Learning factories allow students to develop key competencies for Industry 4.0, for instance, by allowing training in realistic manufacturing environments, making the learning process more modern and practical, adopting new manufacturing knowledge and technology and stimulating talent-based innovation and creativity (Abele et al. 2015). Learning factories have shown a better performance in the development of skills and acquisition of knowledge than traditional approaches (Baena et al. 2017). In Learning Factories, research problems are identified or reviewed and solutions verified with lower costs and complexity than in real factories, and so they are frequently used as validation settings. Companies pursue to deal with the newest technologies and latest know-how, and learning factories offer high potential for display and innovation transfer (Tisch and Metternich 2017).

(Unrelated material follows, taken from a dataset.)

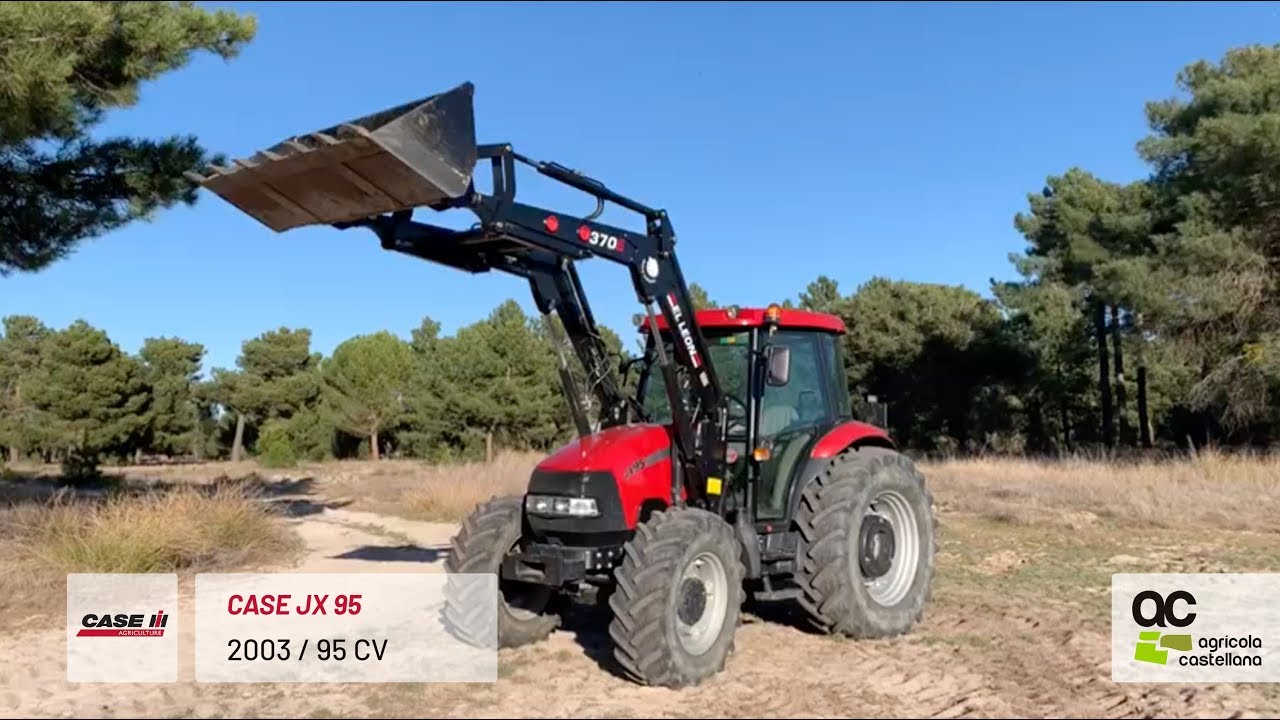Tractor ocasi&oacute;n CASE Agricole JX 95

An example of learning factory, implementing several technologies in the Industry 4.0 vision and with a strong experiential learning approach is presented in (Elbestawi et al. 2018). This LF provides a modern design and resources such as simulation, prototyping, manufacturing processes, including 3D metal printing resources, and automated assembly and testing systems. In (Prinz et al. 2016) a variety of learning modules for the smart factory in Industry 4.0 are presented. The individual targets pursued are: working with high amounts of data, using new methods and technologies, and understanding the new human role and organizational structures in the manufacturing process. Another related work which seeks to make the Industry 4.0 paradigm more tangible using the LF approach, is presented in (Erol et al. 2016), where an Industry 4.0 Pilot Factory is planned. Authors have created a ‘problem-competency cube’ which is used as a basis for the development of problem-specific competencies and educational formats, for instance, in problem-oriented cases and practical training. In (Schallock et al. 2018), the design of a LF for Industry 4.0 that addresses the increasing demand for future skills of production staff is described. Its conceptual design tackles theoretical and practical parts, without forgetting the educational concept. Practical tasks include the introduction of smart devices, connection of information flows and performance monitoring. A common aim of most LF approaches is the hands-on qualification of the users.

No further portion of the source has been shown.